Ketua Mahkamah Konstitusi (MK) Mahfud MD (kanan) dan Hakim Konstitusi Akil Mochtar memberikan keterangan pers soal sikap MK dan Hakim Konstitusi terhadap hasil investigasi atas kasus dugaan suap terhadap Hakim Konstitusi di gedung MK, Jakarta, Jumat (10/1

Yang dilaporkan Ketua MK Mahfud MK adalah percobaan penyuapan terhadap hakim MK bukan penyuapan terhadap hakim MK

Laporan dugaan percobaan penyuapan terhadap hakim Mahkamah Konstitusi akan diprioritaskan penanganannya oleh KPK. Dua pimpinan KPK, Haryono Umar dan M. Jasin sudah membuat kesepakatan untuk mempriotaskan perkara yang baru dilaporkan hari ini.
 
"Tadi, saya dan Pak Haryono Umar sepakat ini menjadi prioritas untuk segera kita lakukan pengkajian. Agar jelas ke masyarakat karena ini mendapat perhatian," kata Wakil Ketua KPK M. Jasin.
 
Menurut Jasin, meski dijadikan prioritas, namun laporan dari Ketua MK Mahfud MD tersebut tetap melalui prosedur seperti laporan lainnya. Direktur Pengawasan Internal dan Pengaduan Masyarakat terlebih dahulu akan melakukan pengkajian dan penelitian. Hal itu dimaksudkan agar jelas duduk perkaranya seperti apa dan apakah bisa dinaikan statusnya ke penyelidikan atau tidak.

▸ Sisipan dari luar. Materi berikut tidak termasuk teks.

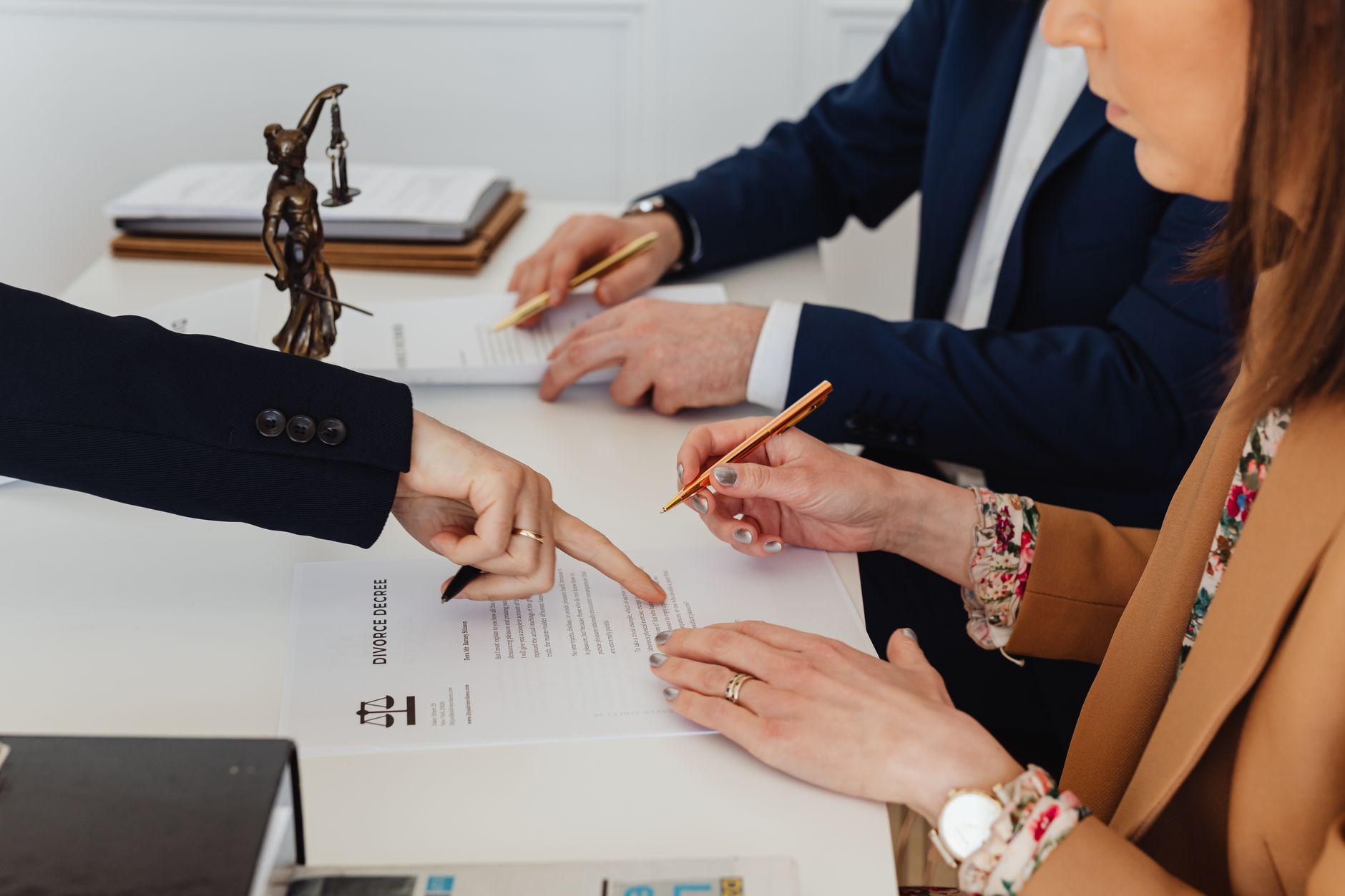 Hands signing a divorce decree, with a justice statue nearby, symbolizing legal proceedings. — Policy Trace Identifies Hidden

“Tergantung kelengkapan informasi yang diterima. Apa kasusnya benar percobaan penyuapan atau tidak nanti tergantung hasil kajian dan analisis PPIM," kata Jasin lagi.

Hari ini Mahfud melaporkan percobaan penyuapan kepada Hakim MK. Mahfud datang ke kantor KPK didampingi oleh Hakim Konstitusi AKil Muchtar. Mahfud menyerahkan barang bukti berupa hasil laporan Tim Investigasi Mafia Perkara di MK.
 
Mahfud meluruskan kabar yang beredar di masyarakat selama ini bahwa seolah-olah yang dilakukan MK adalah melaporkan dugaan penyuapan terhadap hakim MK. "Tidak ada dugaan penyuapan di MK. Yang kami sekarang lakukan ini adalah melaporkan adanya percobaan penyuapan terhadap hakim MK,” kata Mahfud.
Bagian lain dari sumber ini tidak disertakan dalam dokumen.